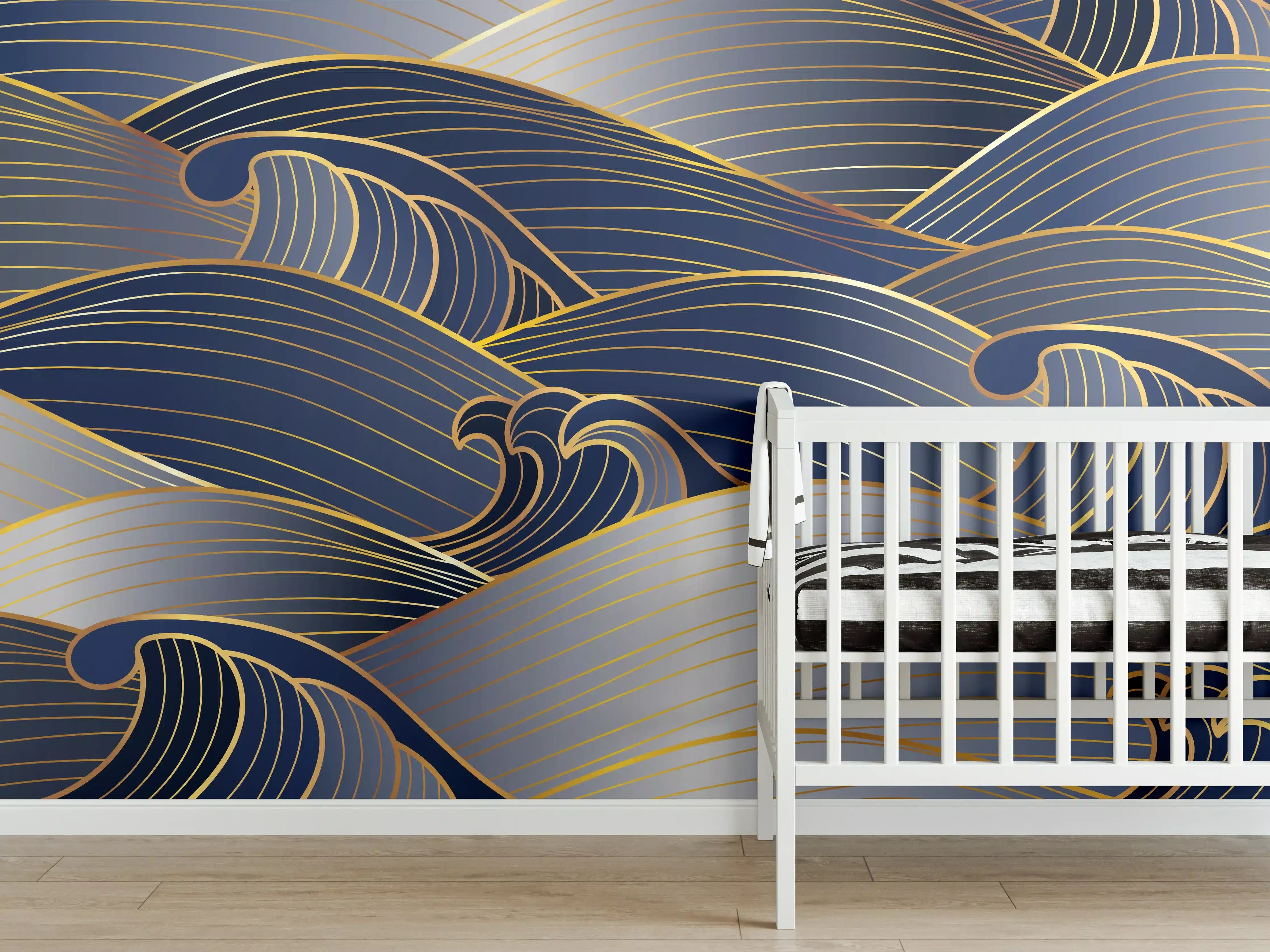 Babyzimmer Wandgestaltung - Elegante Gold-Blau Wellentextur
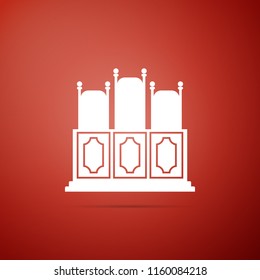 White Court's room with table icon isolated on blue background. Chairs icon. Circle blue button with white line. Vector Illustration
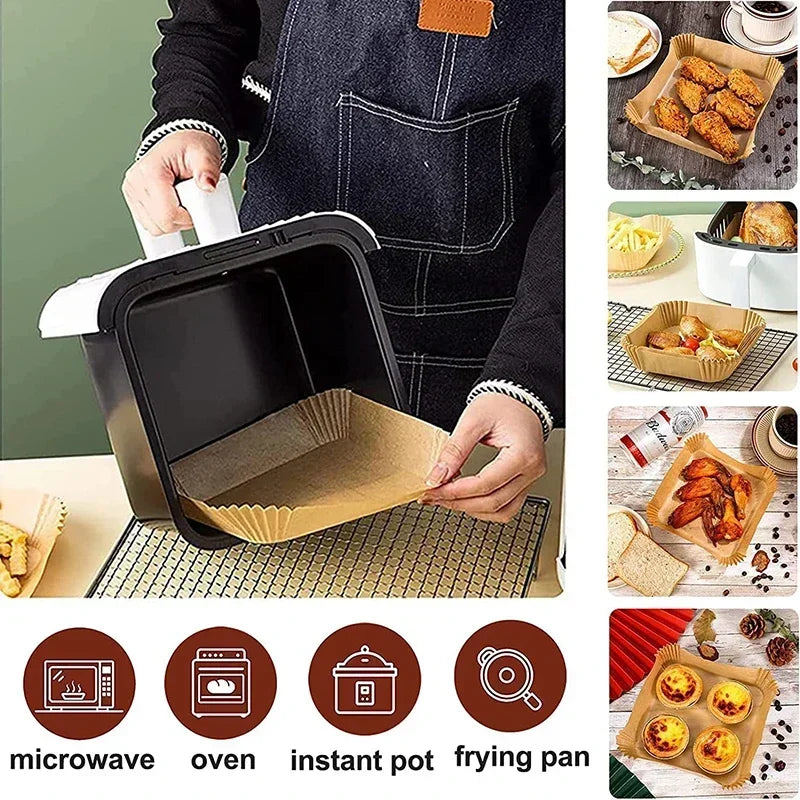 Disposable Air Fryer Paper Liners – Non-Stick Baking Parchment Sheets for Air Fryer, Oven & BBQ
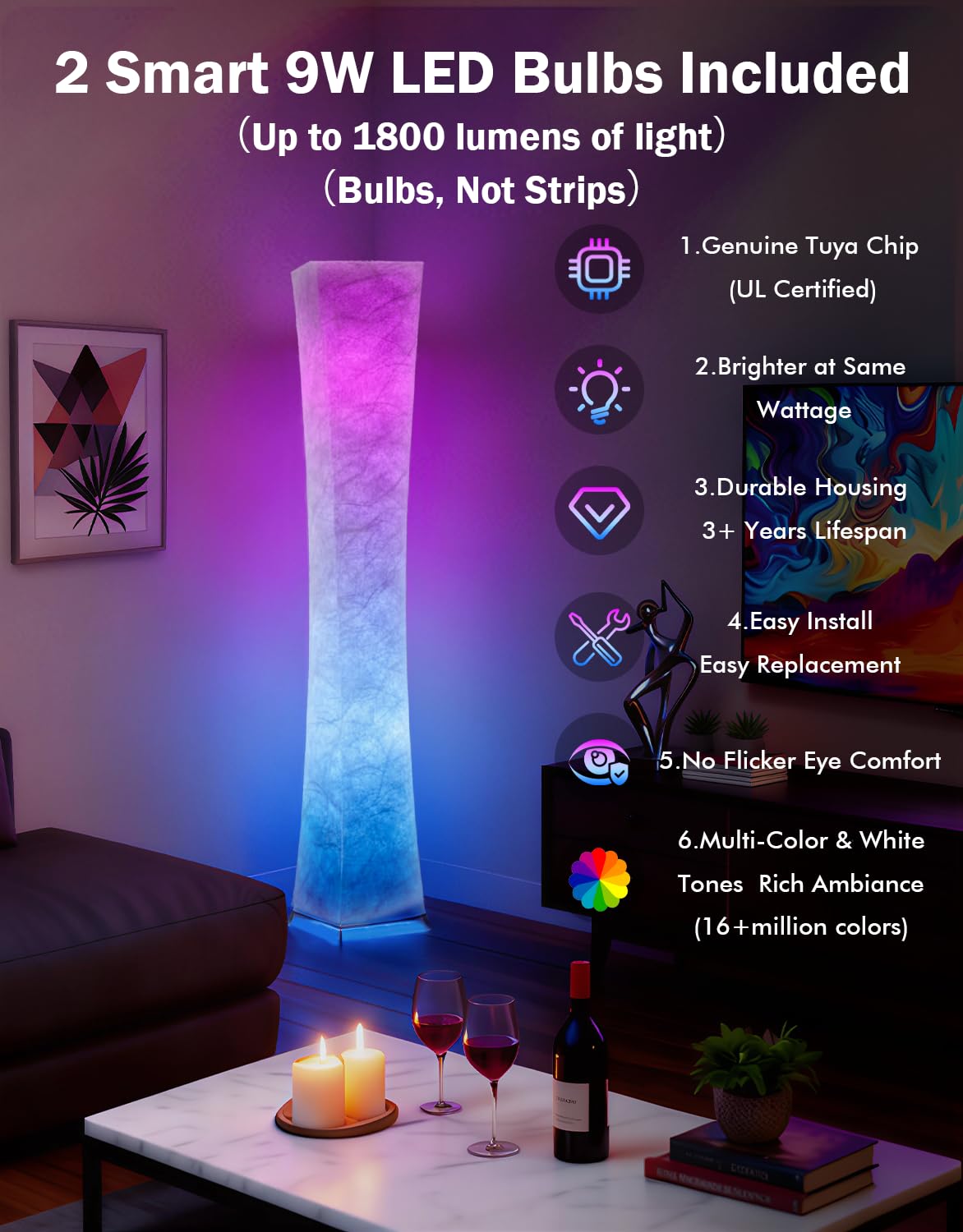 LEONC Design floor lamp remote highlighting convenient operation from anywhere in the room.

EXERCISE GOAL | Once the line containing "White Court's room" has been copied, stop; everything from the first line of the data up to it must be copied exactly, without pictures.

EXPECTED ANSWER |
 Babyzimmer Wandgestaltung - Elegante Gold-Blau Wellentextur
 White Court's room with table icon isolated on blue background. Chairs icon. Circle blue button with white line. Vector Illustration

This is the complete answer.